Reputation: 141
I have a nested list of academic authors such as:
> str(content)
List of 3
$ author-retrieval-response:List of 1
..$ :List of 6
.. ..$ @status : chr "found"
.. ..$ @_fa : chr "true"
.. ..$ coredata :List of 3
.. .. ..$ dc:identifier : chr "AUTHOR_ID:55604964500"
.. .. ..$ document-count: chr "6"
.. .. ..$ cited-by-count: chr "13"
.. ..$ h-index : chr "3"
.. ..$ coauthor-count: chr "7"
.. ..$ preferred-name:List of 2
.. .. ..$ surname : chr "García Cruz"
.. .. ..$ given-name: chr "Gustavo Adolfo"
$ author-retrieval-response:List of 1
..$ :List of 6
.. ..$ @status : chr "found"
.. ..$ @_fa : chr "true"
.. ..$ coredata :List of 3
.. .. ..$ dc:identifier : chr "AUTHOR_ID:56595713900"

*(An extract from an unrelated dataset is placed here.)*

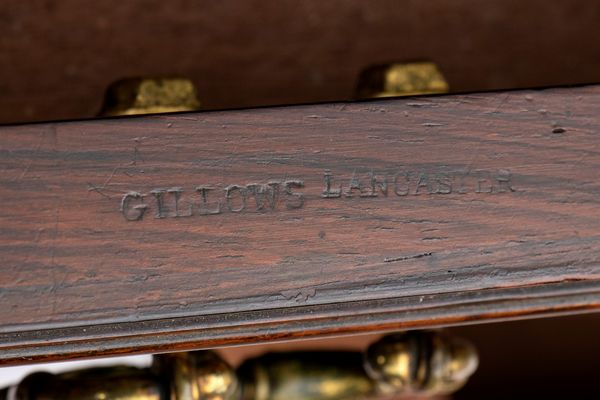 Gillows of Lancaster : Scrivania inglese Vittoriana intarsiata  - Asta  Arredi Antichi, Oggetti d'Arte, Curiosities con una selezione di tappeti - Associazione Nazionale - Case d'Asta italiane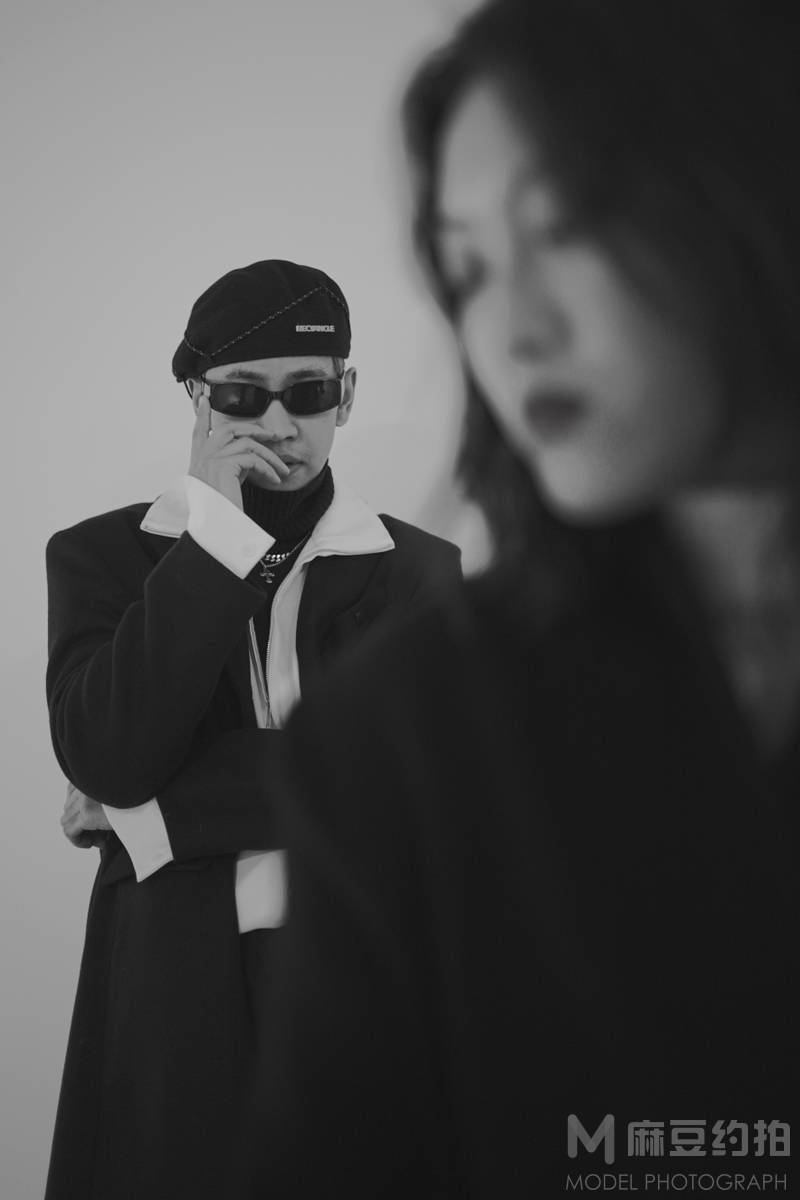 黑白模特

.. .. ..$ document-count: chr "4"
.. .. ..$ cited-by-count: chr "21"
.. ..$ h-index : chr "3"
.. ..$ coauthor-count: chr "5"
.. ..$ preferred-name:List of 2
.. .. ..$ surname : chr "Akimov"
.. .. ..$ given-name: chr "Alexey"
$ author-retrieval-response:List of 1
..$ :List of 6
.. ..$ @status : chr "found"
.. ..$ @_fa : chr "true"
.. ..$ coredata :List of 3
.. .. ..$ dc:identifier : chr "AUTHOR_ID:12792624600"
.. .. ..$ document-count: chr "10"
.. .. ..$ cited-by-count: chr "117"
.. ..$ h-index : chr "6"
.. ..$ coauthor-count: chr "7"
.. ..$ preferred-name:List of 2
.. .. ..$ surname : chr "Alecke"
.. .. ..$ given-name: chr "Björn"
I am interested in extracting the following values:
dc:identifier, document-count, cited-by-count, h-index, coauthor-count, surname, given-name
And parsing them in a data-frame like structure.
I have two issues: the first one is that I don't get to access to the different levels of my list. Indeed, while content[[3]]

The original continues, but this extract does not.